Copie authentique délivrée à :
- Me Piriou,
le 27.10.2022.
REPUBLIQUE FRANCAISE
COUR D'APPEL DE PAPEETE
Chambre Commerciale
Audience du 27 octobre 2022
RG 21/00231 ;
Décision déférée à la Cour : ordonnance n° 61, rg 2018 001215 du juge de la mise en état du Tribunal Mixte de Commerce de Papeete du 13 septembre 2019, jugement n° 2021/49, rg n° 2018 001215 du Tribunal Mixte de Commerce de Papeete du 26 mai 2021 ;
Sur appel formé par requête déposée et enregistrée au greffe de la Cour d'appel le 30 juin 2021 ;
Appelants :
M. [P] [J], né le [Date naissance 3] 1939 à [Localité 7], de nationalité française, demeurant à [Adresse 8]-[Localité 4] ;
M. [L] [N] [X] [K] [B], né le [Date naissance 1] 1967 à [Localité 12], de nationalité française, demeurant à [Adresse 10] - [Localité 5] ;
M. [R] [T] dit [D], né le [Date naissance 2] 1963 à [Localité 14], de nationalité française, demeurant à [Adresse 9] - [Localité 4] ;
Ayant pour avocat la Selarl Mikou, représentée par Me Mourad MIKOU, avocat au barreau de Papeete ;
Intimée :
La Sa Banque de Polynésie, société anonyme, au capital de 1 380 000 000 FCP, inscrite au Rcs de Papeete sous le n° 7244 B dont le siège social est sis à [Adresse 11] - [Localité 6] ;
Ayant pour avocat la Selarl Jurispol, représentée par Me Yves PIRIOU, avocat au barreau de Papeete ;
Ordonnance de clôture du 20 juin 2022 ;
Composition de la Cour :
La cause a été débattue et plaidée en audience publique du 25 août 2022, devant M. SEKKAKI, conseiller faisant fonction de président, Mme SZKLARZ, conseiller, Mme TEHEIURA, magistrat honoraire de l'ordre judiciaire aux fins d'exercer à la cour d'appel de Papeete en qualité d'assesseur dans une formation collégiale, qui ont délibéré conformément à la loi ;
Greffier lors des débats : Mme SUHAS-TEVERO ;
Arrêt contradictoire ;
Prononcé par mise à disposition de l'arrêt au greffe de la Cour, les parties en ayant été préalablement avisées dans les conditions prévues au deuxième alinéa de l'article 264 du code de procédure civile de Polynésie française ;
Signé par M. SEKKAKI, président et par Mme SUHAS-TEVERO, greffier, à laquelle la minute de la décision a été remise par le magistrat signataire.
A R R E T,
EXPOSE DU LITIGE :
Faits :
Par acte sous seing privé en date du 12 septembre 2003, la SA BANQUE DE POLYNESIE consentait à la SARL SOCIETE POLYNESIENNE DE RESEAUX D'ETUDES ET DE SERVICES «SPRES», représentée par M. [I] [V], agissant en qualité de gérant, une ouverture de crédit de 5 000 000 F CFP au taux d'intérêt de 10,19 % l'an dans la limite du montant de l'ouverture de crédit et de 11,47% l'an au-delà (pièce n°6 de l'intimée).
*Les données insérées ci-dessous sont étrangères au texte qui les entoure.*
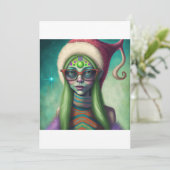 Alien Weihnachten Hippie Elf Geschenk. T-Shirt (Stehend Vorderseite)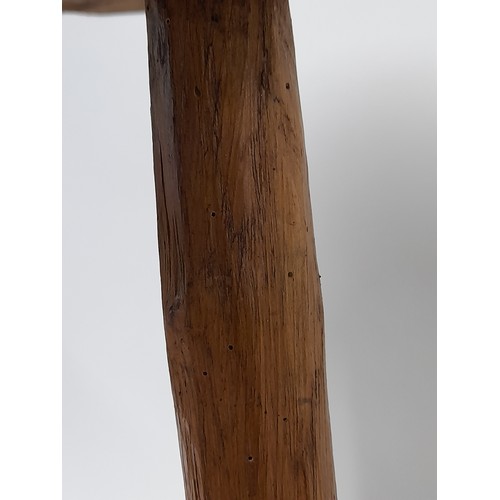 82 - Folk Art style 3 Legged Stool with Whittled Legs And a Cross section cut trunk Seat, 45cm high x 32c... 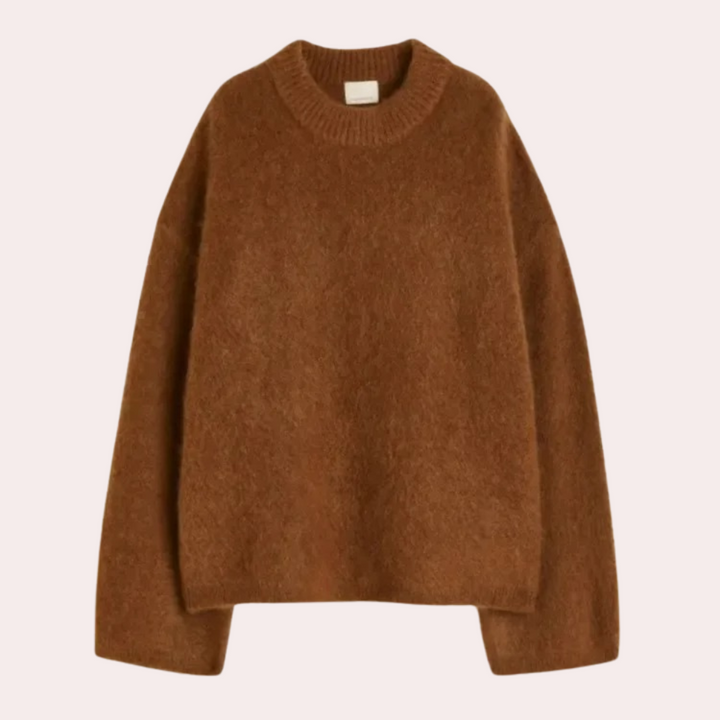 Kvinnors oversizetröja i beige och blå med långa ärmar, avslappnad passform för stil och komfort, perfekt för alla säsonger.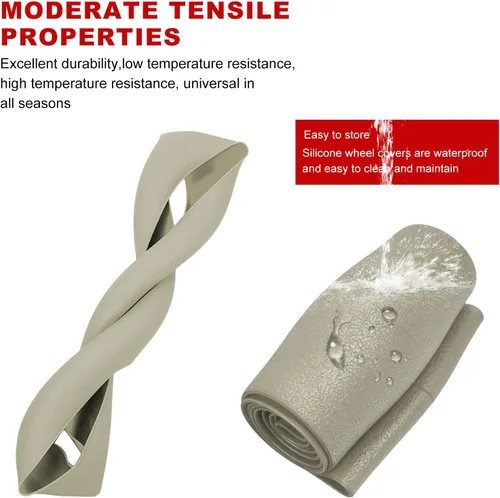 Miniatura 6 de DXNQ Funda protectora de silicona antideslizante para volante de automóvil, de 13 a 14.17 pulgadas, suave, flexible, absorbente de golpes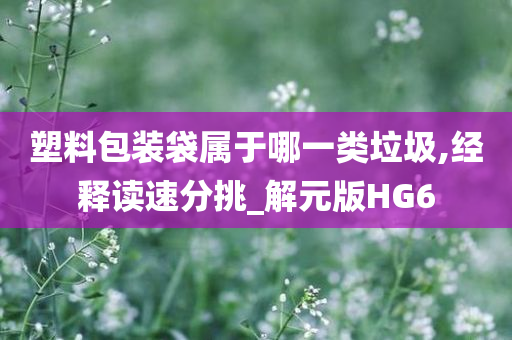 塑料包装袋属于哪一类垃圾,经释读速分挑_解元版HG6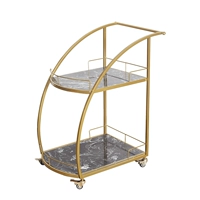 Второй слой золотой обеденный автомобиль с серебряной белой мраморной панелью дракона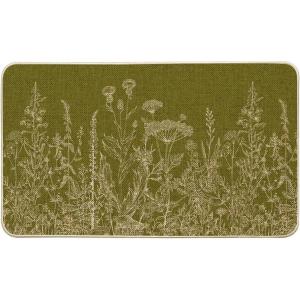 Artoid Mode Green Wildflower Spring Floral Summer Home Decor Low-Profile Switch Rug Door Mat for Indoor Outdoor 17×29 Inch(Green)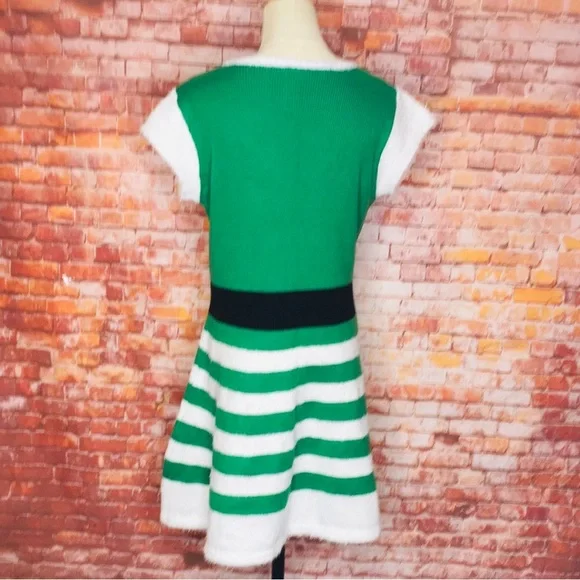 Holiday Time Sort Sleeved Green and White Ugly Christmas Sweater Elf Min… - Picture 5 of 6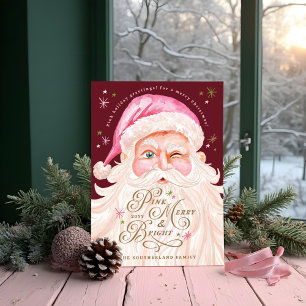 Retro Vrolijk & Roze Waterverf Sinterklaas Feestdagenkaart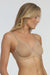 Side angle of Dominique Mallory Smoothing Comfort Underwire Minimizer Bra mocha, showing molded cups and underwire support.
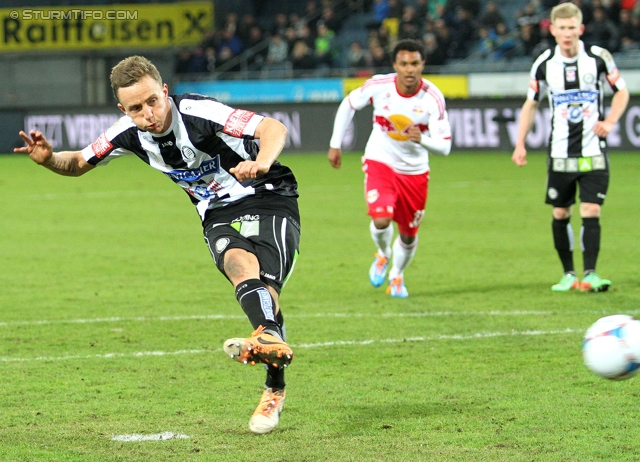 Sturm Graz - Salzburg
Oesterreichische Fussball Bundesliga, 23. Runde, SK Sturm Graz -  FC RB Salzburg, Stadion Liebenau Graz, 15.02.2014. 

Foto zeigt Daniel Beichler (Sturm)
Schlüsselwörter: elfmeter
Par plusieurs avenants (pièce n°7 de l'intimée), au contrat du 12 septembre 2003, la SA BANQUE DE POLYNESIE et la SARL SPRES, représentée par M. [P] [J], agissant en qualité de gérant, ont modifié les conditions particulières de l'ouverture de crédit pour la fixer à :
- 8 000 000 F CFP au taux de 9,90% l'an dans la limite du montant de l'ouverture de crédit et de 11,27% au-delà, le 24 novembre 2004,
- 18 000 000 F CFP au taux de 10,10% l'an dans la limite du montant de l'ouverture de crédit et de 14,29% au-delà, le 3 septembre 2008,
- 25 000 000 F CFP au taux de 10,10% l'an dans la limite du montant de l'ouverture de crédit et de 14,50% au-delà, le 15 avril 2009,
- 20 000 000 F CFP au taux de 9,60% l'an dans la limite du montant de l'ouverture de crédit et de 13,45% au-delà, le 14 août 2009,
- 30 000 000 F CFP au taux de 9,60% l'an dans la limite du montant de l'ouverture de crédit et de 13,21% au-delà, le 14 avril 2010.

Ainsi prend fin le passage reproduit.